With lists of billions of compromised credentials floating around on underground forums and in text-paste pages across the Internet, it’s difficult for anyone to keep up with the potential threat from breached passwords. That’s why, as part of its security efforts during Safer Internet Day, Google has released a new add-on for the Chrome browser that automatically and securely checks website credentials against known password breaches.
The Chrome browser extension, called Password Checkup, is available today. It securely checks credentials used to log in to websites—whether they’re manually entered or stored in Chrome’s password manager—against hashed credentials stored in an encrypted database of billions of compromised accounts maintained by Google. Elie Bursztein, head of Google’s anti-abuse research, told Ars that the protocol behind the service is being presented as a standard for securely checking account security and that the interface may be offered as an open application interface in the future.
Checking for password breaches is a sensitive operation. Google’s security team has been offering password checks for G Suite users for some time, but doing the same thing for the rest of users’ credentials is a much more delicate privacy dance. Users don’t want to just hand over their passwords and accounts to Google openly, and “Google has a data set we don’t want to publicly share,” said Kurt Thomas, staff research scientist at Google. So Password Checkup uses a combination of anonymization and cryptography to protect the exchange, using a technique called “blinding” to create a secret search index. Credentials are anonymized with an Argon2 hash function to create a search key for Google’s database and encrypted with Elliptic Curve cryptography.
“On your end, you get an index that only you know,” said Thomas. And that index is both hashed and only a partial encoding of the information—it can’t be used to recreate a complete version of login credentials.

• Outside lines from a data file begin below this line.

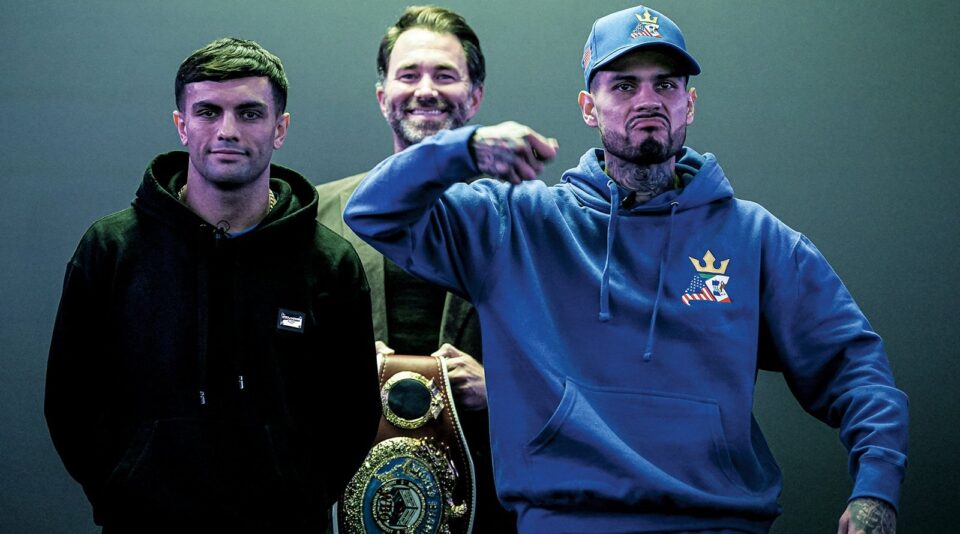 Catterall vs. Barboza Jr: Betting Tips & Odds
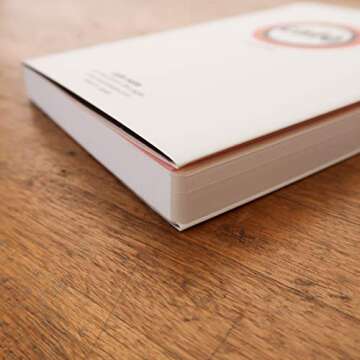 Cafe Note A6 Tomoe River Journal Grid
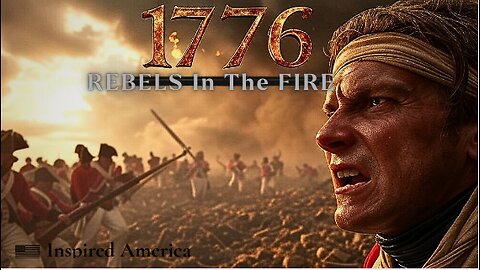Rebels in the Fire- Only 30% chose Freedom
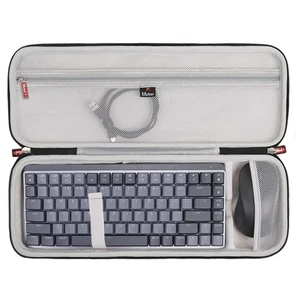 MX Keyboard Case Suitable for MX Mechanical Mini Wireless Illuminated Keyboar... - Picture 1 of 9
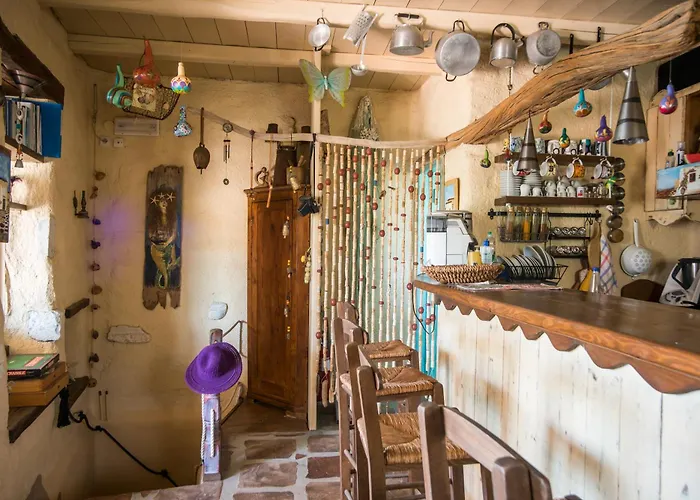 ανθίππη Ξενοδοχείο με διαμερίσματα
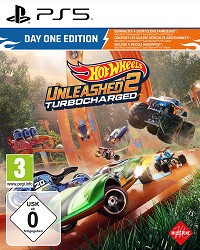 Hot Wheels Unleashed 2 Turbocharged Day 1 Bonus Edition (PS5)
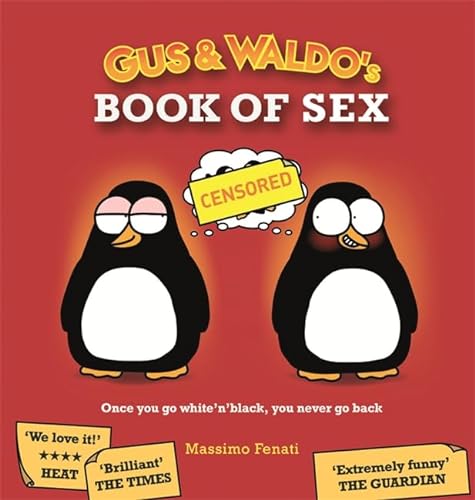 Stock image for Gus and Waldo's Book of Sex for sale by MusicMagpie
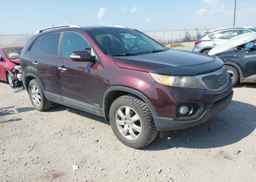 2012 KIA SORENTO LX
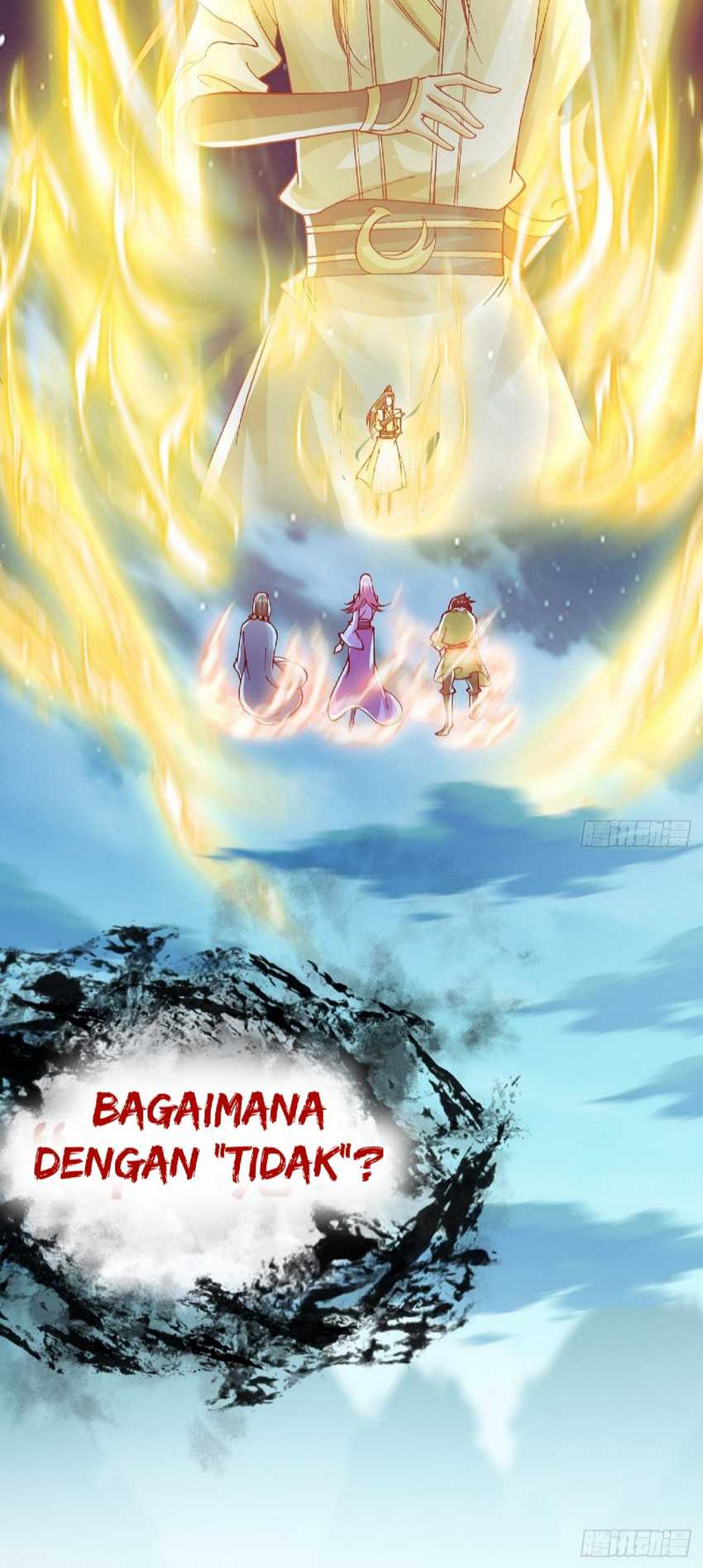 I Am the Supreme Villain Chapter 00.1 Gambar 29
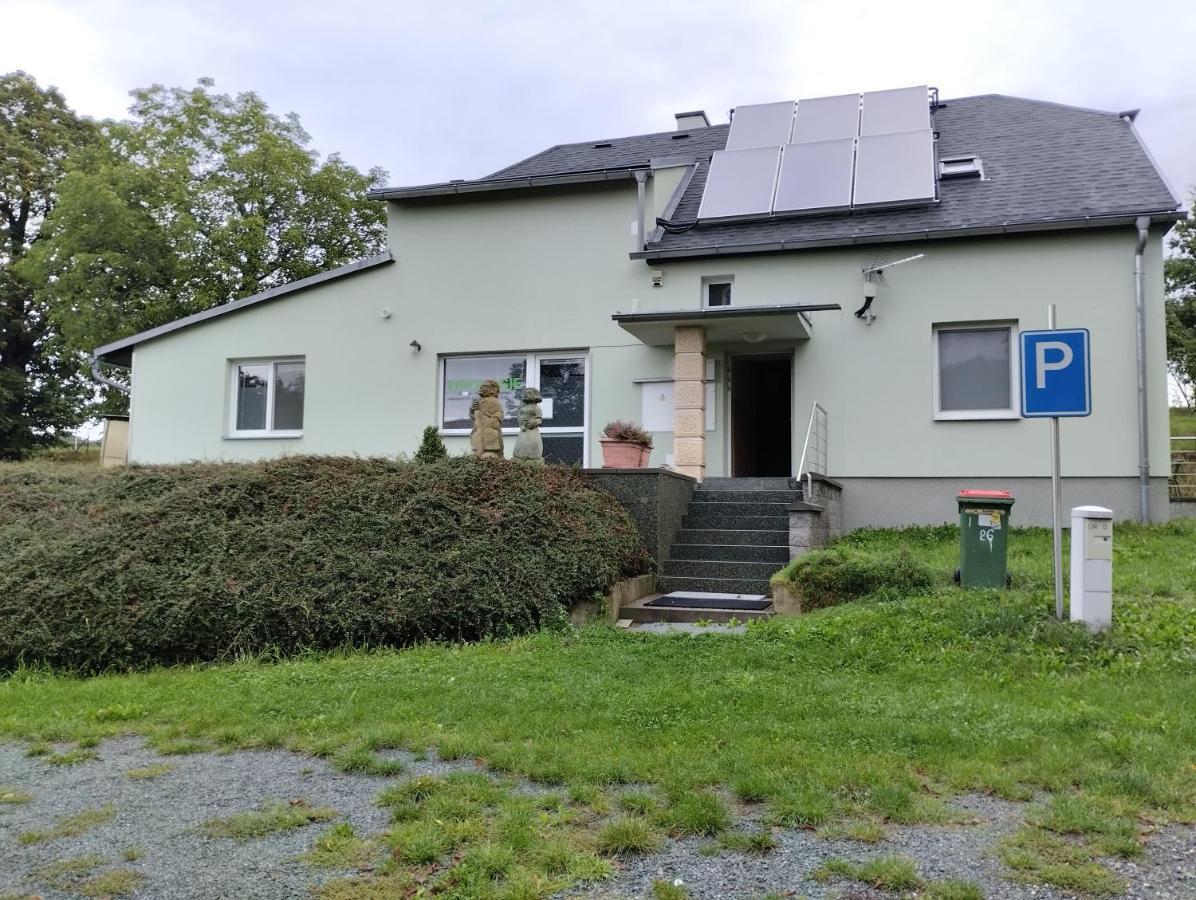 Apartman U Svejdy Skuhrov nad Belou 外观 照片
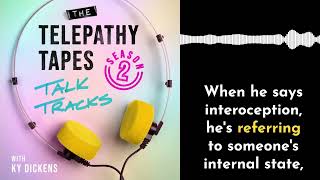 Trapped Inside a Brilliant Mind | Talk Tracks S2 E33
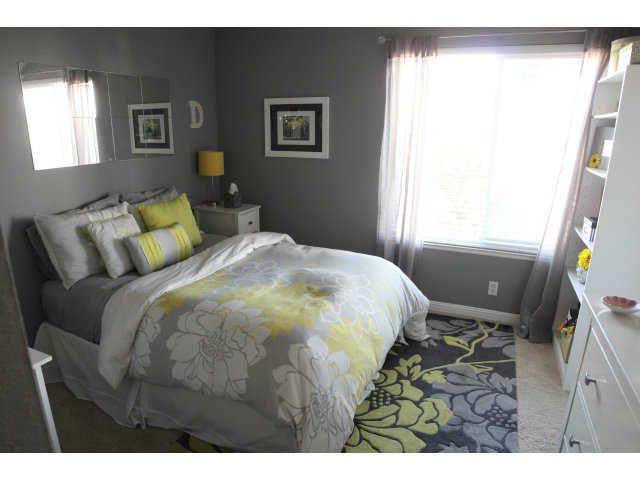 74 Redding Road Campbell, CA 95008 - Photo 16 of 21 a bedroom with a bed and a window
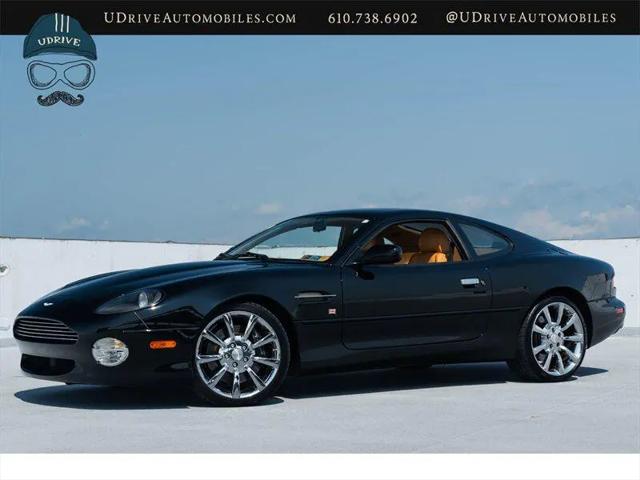 2000 Aston Martin DB7 Vantage for sale in West Chester, PA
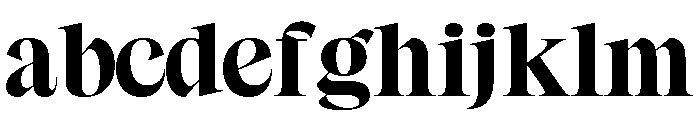 Sagira Beverly DEMO VERSION FONT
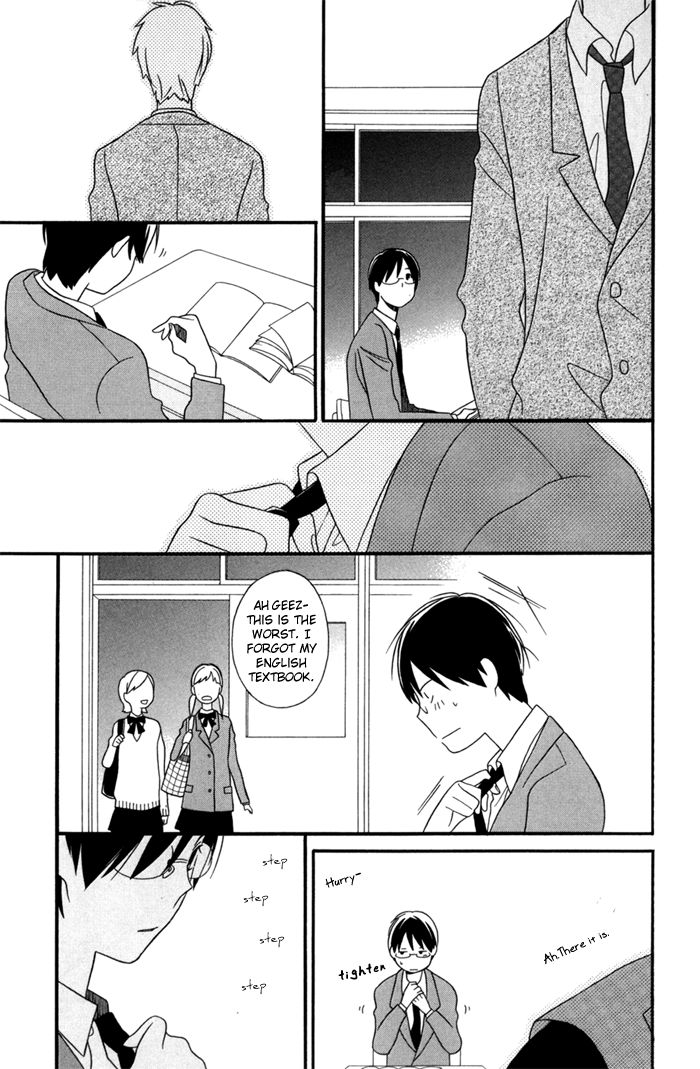 Kimi To Boku chapter 28 page 28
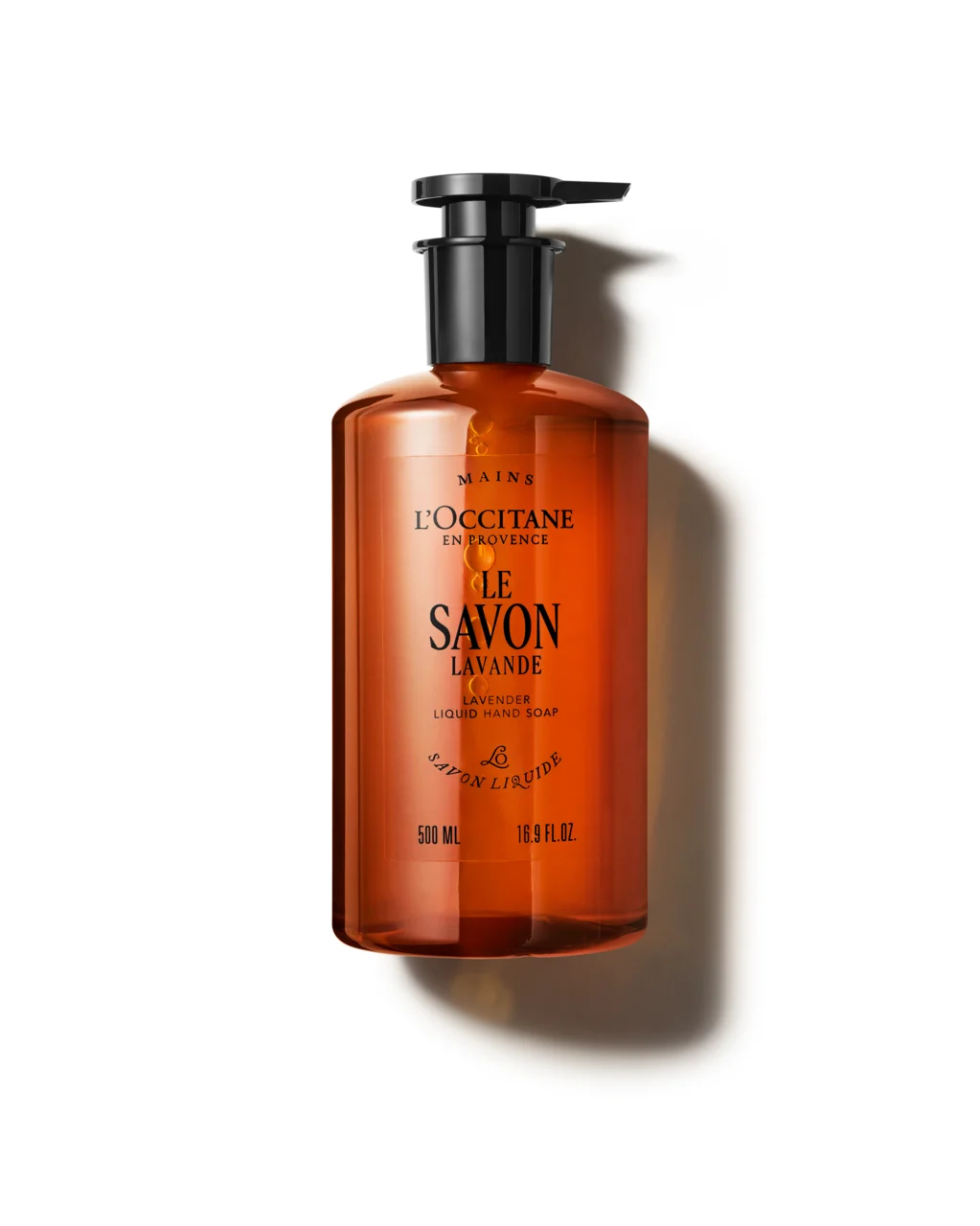 Le Savon Lavender Liquid Hand Soap - 1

The backend database contains data culled from password dumps on underground marketplaces. Currently, it contains terabytes of data on over 4 billion compromised credentials and is constantly being updated by Google’s threat research team, Bursztein said. The database and the API to access it could be applied to a number of future capabilities, and Bursztein said that his team is open to suggestions on how to best use it. Potentially, the database could be a valuable resource to companies’ internal threat-hunting teams seeking hints of compromise of critical accounts on third-party services. But for now, Bursztein said, the goal is to reach Internet users in a way that’s transparent and easy to use, regardless of whether they have a security team to back them up.